* INSTRUCTIONS FOR THE TASK: A faithful copy is required of the lines from the top of the entries through the line that contains "new 2025 Jeep", both included, with no pictures.

● ● ● ●

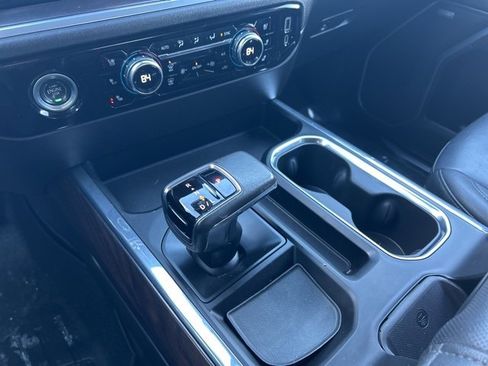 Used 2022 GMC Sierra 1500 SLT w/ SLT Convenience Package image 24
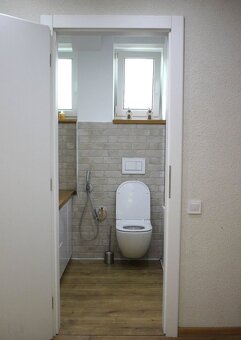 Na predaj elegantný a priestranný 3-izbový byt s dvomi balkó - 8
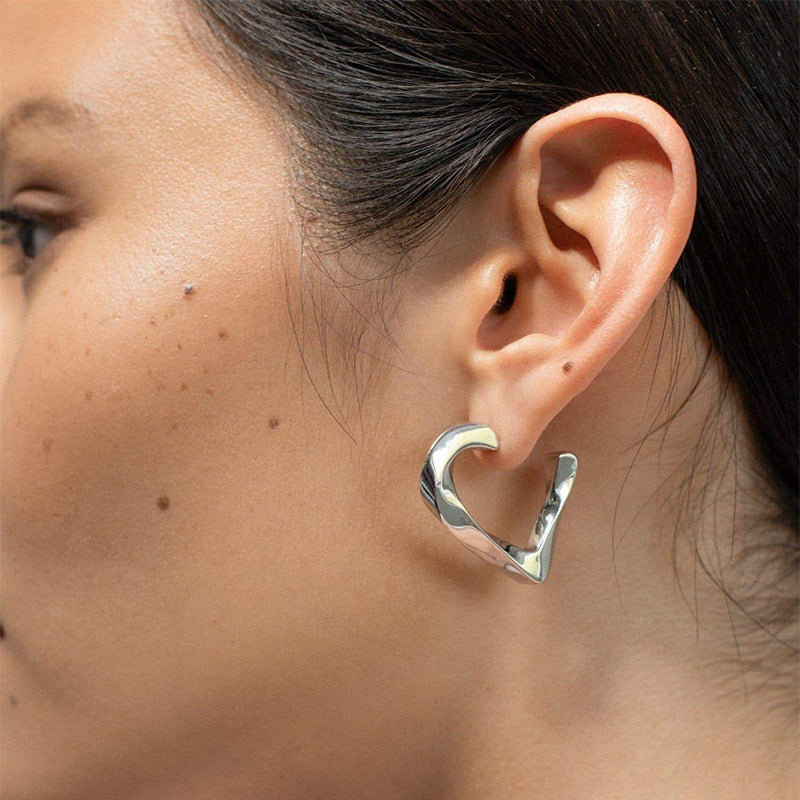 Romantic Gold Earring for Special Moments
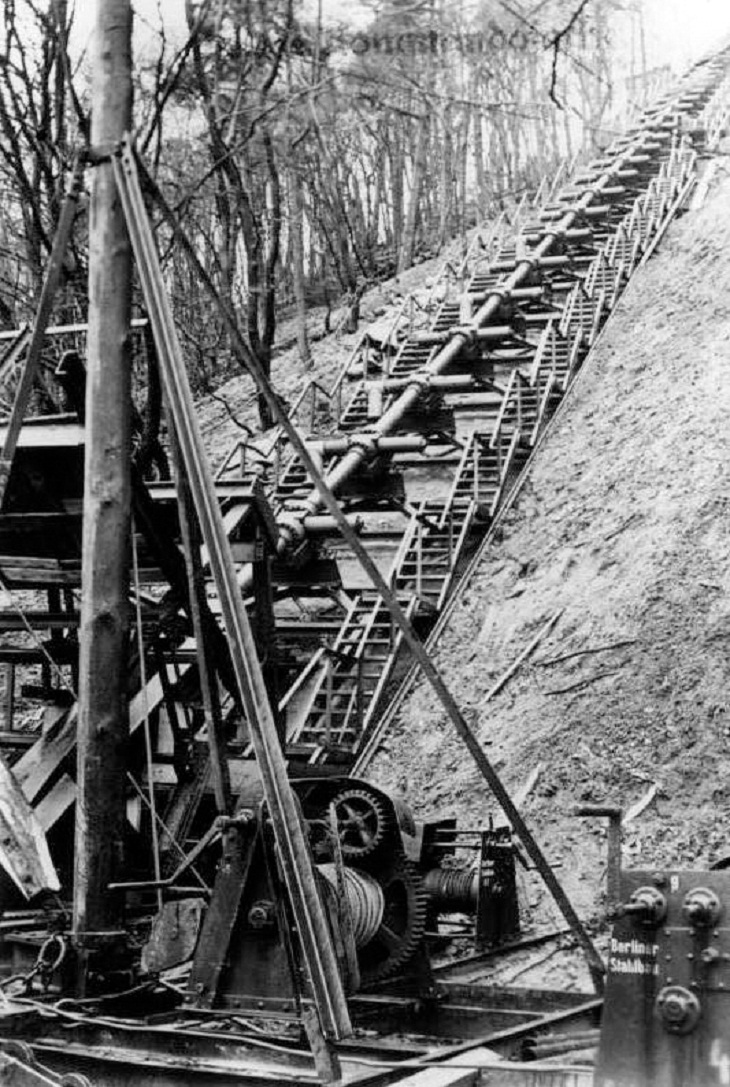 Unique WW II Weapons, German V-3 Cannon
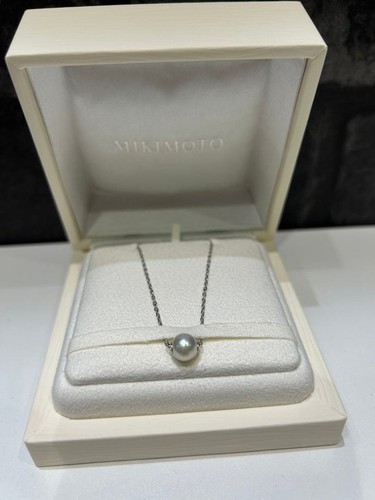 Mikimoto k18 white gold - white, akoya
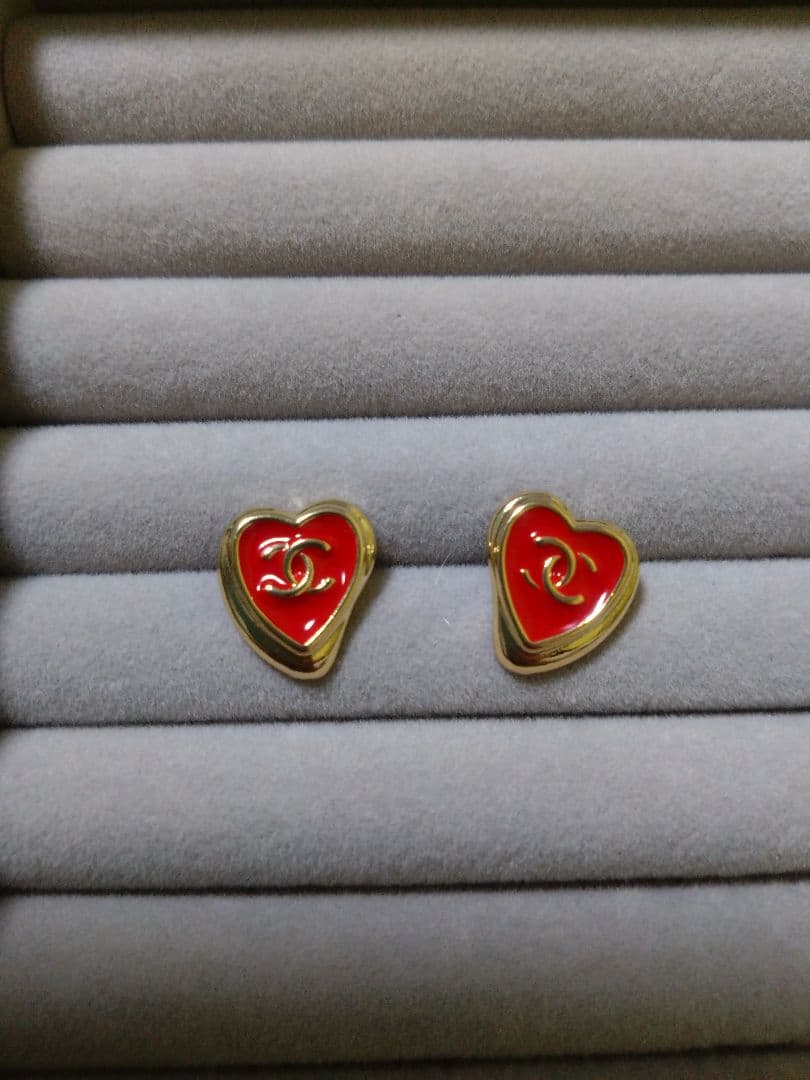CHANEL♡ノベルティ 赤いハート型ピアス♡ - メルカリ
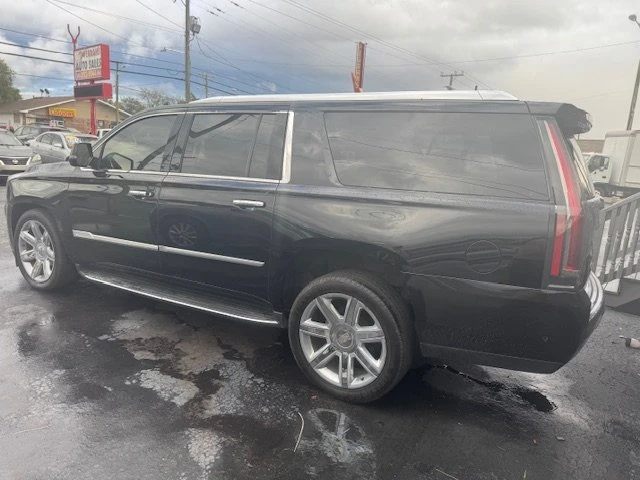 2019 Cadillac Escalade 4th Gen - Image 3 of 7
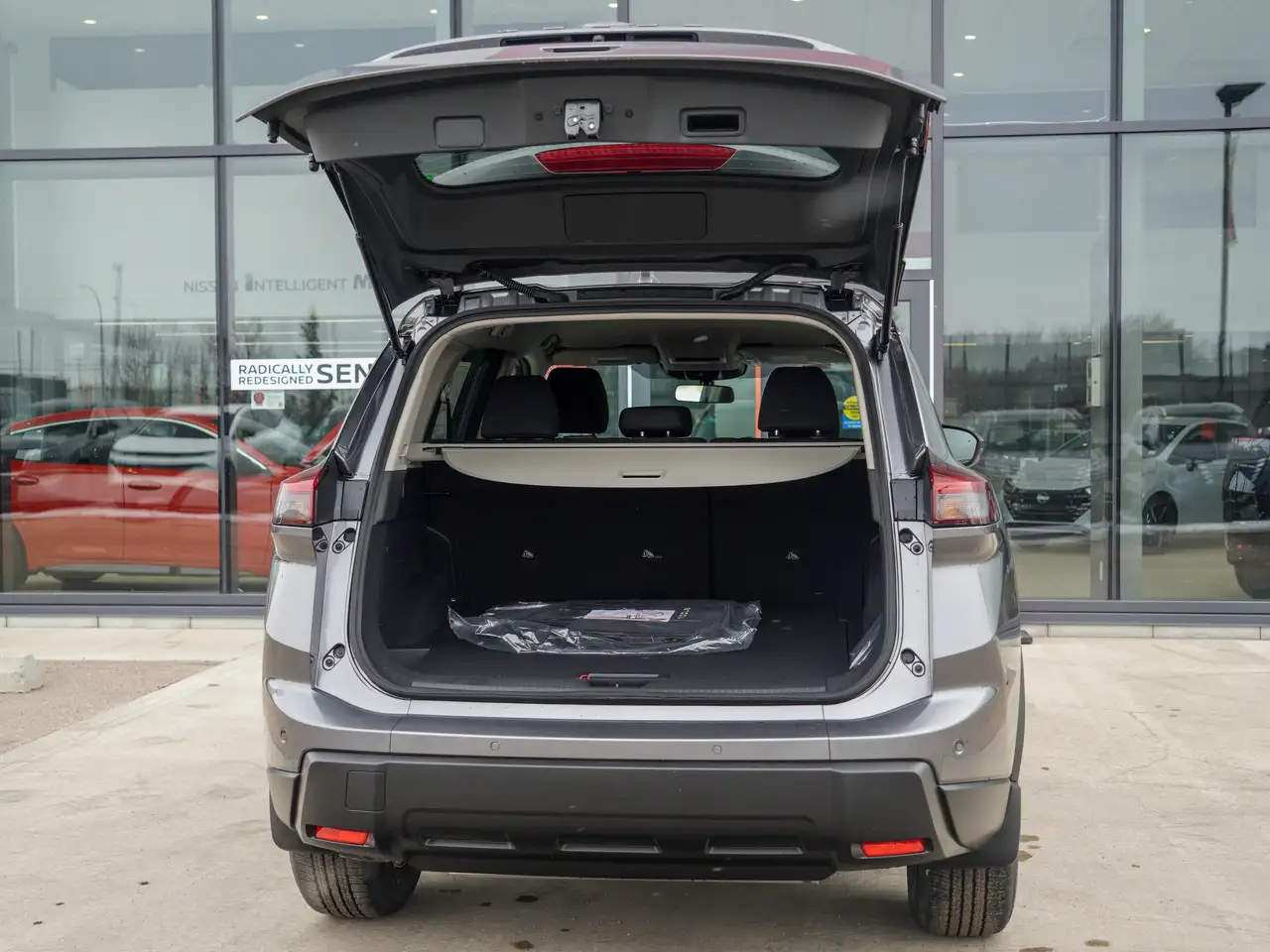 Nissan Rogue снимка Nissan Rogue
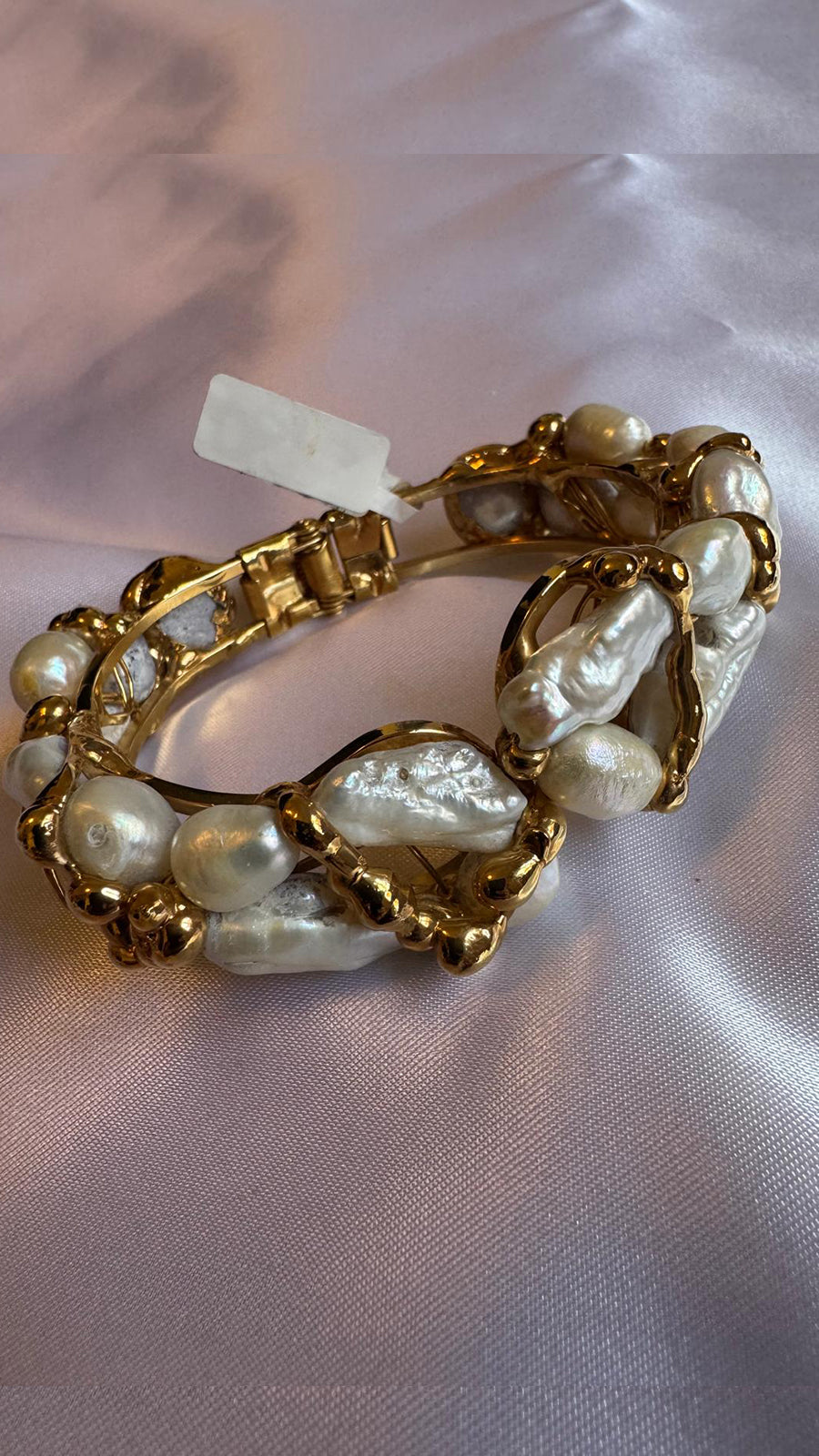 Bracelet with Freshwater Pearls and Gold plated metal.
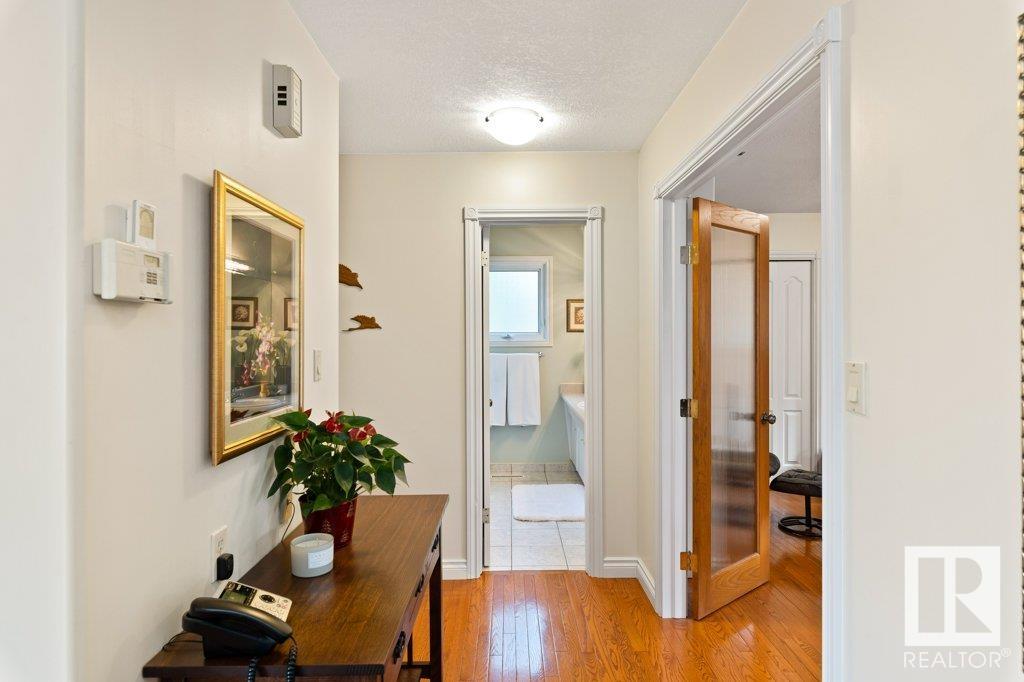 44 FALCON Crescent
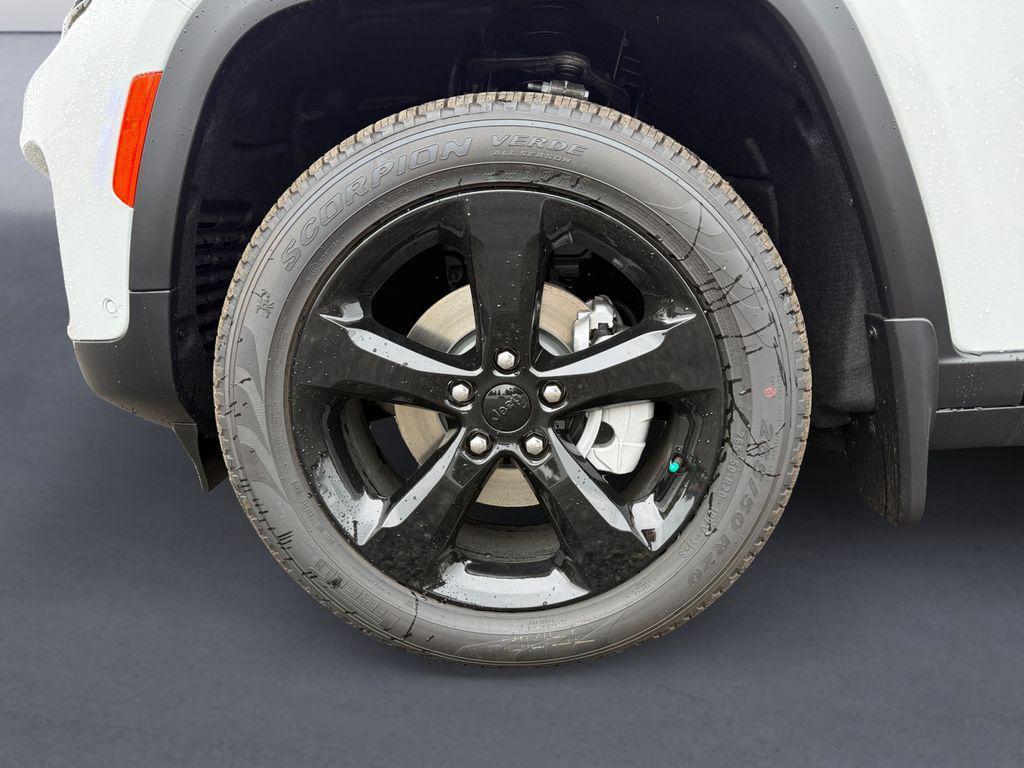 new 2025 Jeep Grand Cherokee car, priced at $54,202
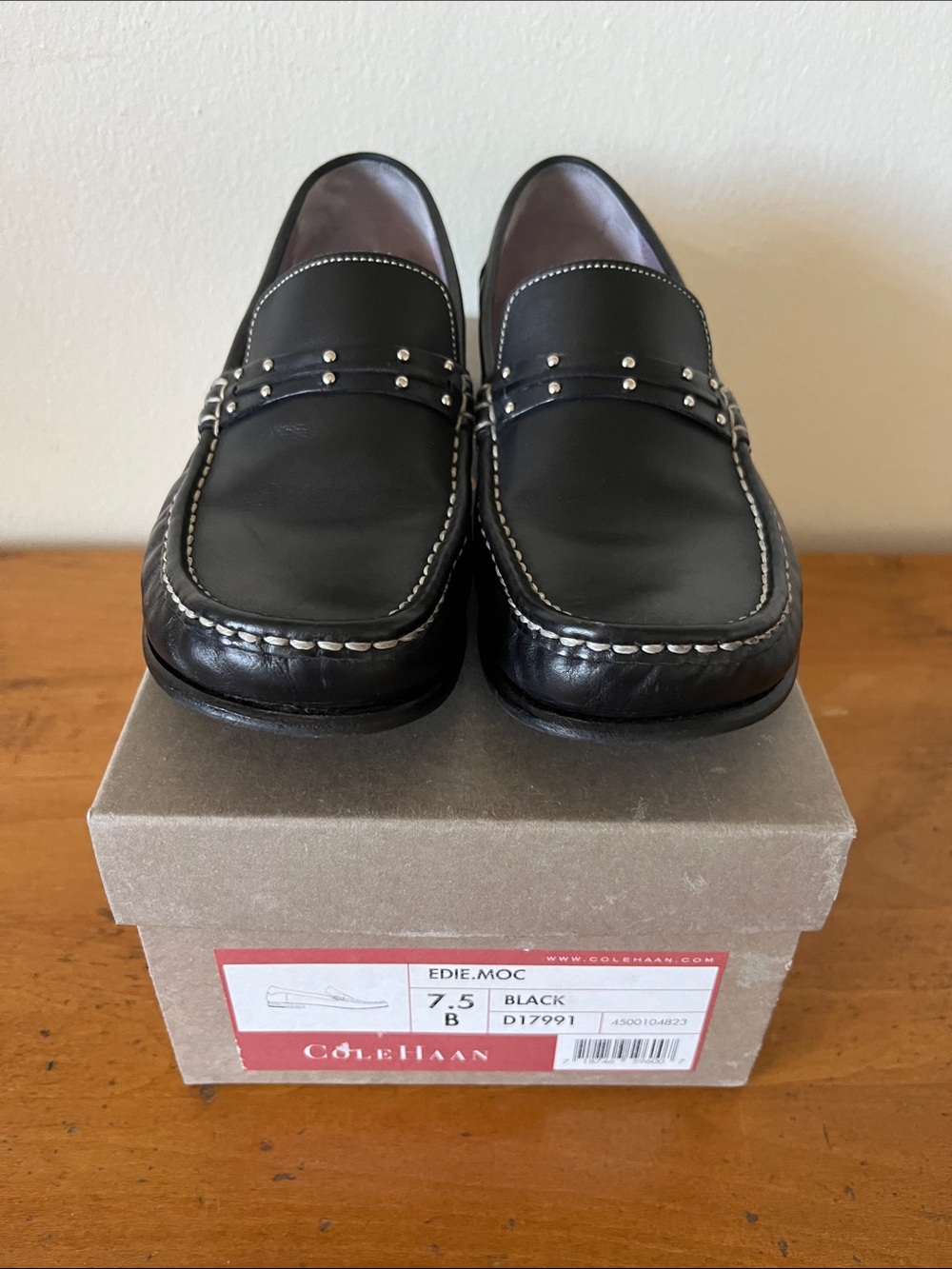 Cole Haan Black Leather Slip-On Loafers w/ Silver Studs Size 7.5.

● ● ● ●

* EXERCISE ANSWER:
 Used 2022 GMC Sierra 1500 SLT w/ SLT Convenience Package image 24
 Na predaj elegantný a priestranný 3-izbový byt s dvomi balkó - 8
 Romantic Gold Earring for Special Moments
 Unique WW II Weapons, German V-3 Cannon
 Mikimoto k18 white gold - white, akoya
CHANEL♡ノベルティ 赤いハート型ピアス♡ - メルカリ
 2019 Cadillac Escalade 4th Gen - Image 3 of 7
 Nissan Rogue снимка Nissan Rogue
 Bracelet with Freshwater Pearls and Gold plated metal.
 44 FALCON Crescent
 new 2025 Jeep Grand Cherokee car, priced at $54,202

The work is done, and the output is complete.